In fact university lecturers, whatever their image of themselves, are just as much members of the working class as anyone who, in order to live has to sell his energies to an employer for a wage or salary. He will also tell them that, in times of economic crisis, “status” doesn't make their job one bit more secure than that of their fellow wage-slaves “down the mine”. Universities are an important part of the profit system, giving to a section of the working class (the students) the intellectual skills that their future employers will need and will buy from them. And their employers will be in business for one reason alone—profit (or, if the government’s the employer, to provide the employing class with the services necessary to realise that profit).

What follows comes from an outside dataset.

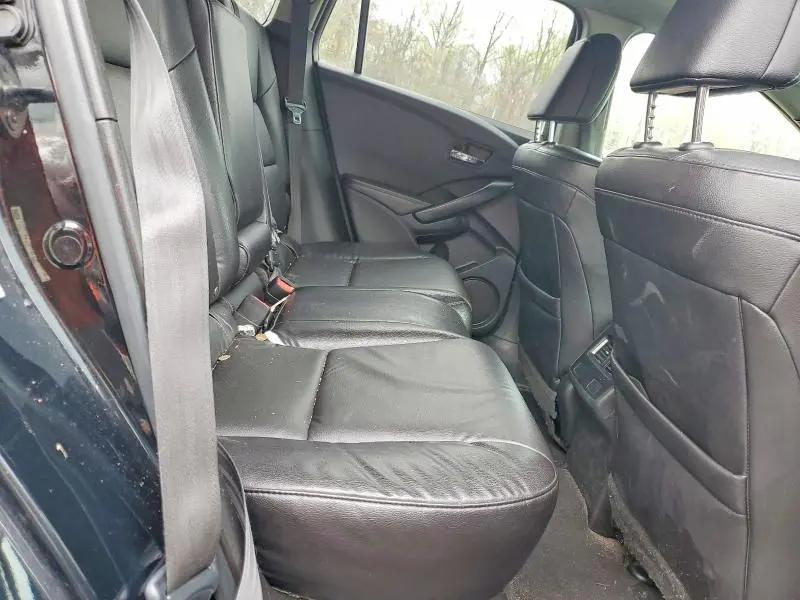 2018 ACURA RDX   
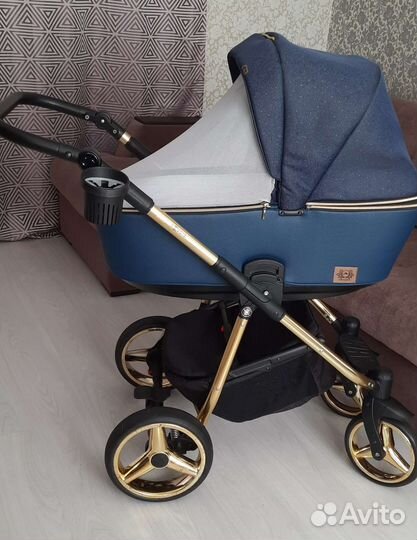 Детская коляска Adamex Reggio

Here’s hoping that the present shake-up will at least shake some of my colleagues out of their comfortable self-satisfied view of the world. Here’s hoping that their first direct taste of working-class insecurity will make them use their intellectual skills to look closely not just at their academic specialities but at how present-day society works. Here’s hoping that they'll sec its absurdity and come to the conclusion that social sanity means the end of the wages system and the end of production for profit. There is no other way of ending that terrible ever-present wastage of human skills and energies known as unemployment.